Although there are ongoing discussions regarding the ethical and legal framework of adult and pediatric SDM in healthcare, the ethical tensions of SDM in adolescents remain inadequately explored [13]. In this study we conducted a review of literature on the ethical aspects of SDM in adolescents. The research question is as follows; “what are the normative considerations around shared decision-making in adolescent healthcare”? Through it we aim to identify the normative arguments, describe notable trends and identify gaps for future research.

Methods

A detailed description on the search strategy, article selection, data extraction and analysis is provided in the supplementary materials (Supplements 1 and 2). 38 publications were selected out of the initial 18,622 and the Nvivo software package [14] was used to code and identify themes on this topic.

Results

Included articles and overview

38 articles fulfilled the inclusion criteria. These were published between 1993 and 2022, with the majority (81%) being published after 2010. Authors from various disciplines contributed to this literature: medicine(47%), bioethics (21%), psychology (10%) nursing (8%), philosophy (5%), physiotherapy (3%), law (3%), and dentistry (3%). The articles and their features are listed below in Supplement 3. Most of the articles are in favor of SDM, with two articles neutral in position and one against SDM.
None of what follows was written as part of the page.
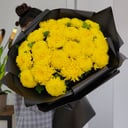 Букет «25 хризантем в оформлении»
To organize the information from our review, we created a conceptual map shown in Fig. 1. The results are structured accordingly- firstly, we describe the three main stakeholders and their characteristics, and secondly, we describe the stakeholder interactions and possible ethical tensions.

Fig. 1
figure 1

Conceptual map of the three main stakeholders, ethically relevant stakeholder characteristics (shown in blue text) and ethical tensions in their interactions (shown in grey text)

Stakeholders and their characteristics

The adolescent

Most studies (28/38) find that adolescents’ decision-making capacity influences their participation in SDM. Decision-making capacity (DMC) refers to the ability to comprehend information, understand the consequences of decisions, weigh benefits and risks and make a voluntary and informed choice [15,16,17,18]. Unlike maturity, which was conceptualized either in terms of cognitive development [15, 18]or neuropsychological development [19,20,21]. DMC is a combination of intellectual and functional characteristics. Most articles therefore considered DMC, rather than maturity, as being important for SDM.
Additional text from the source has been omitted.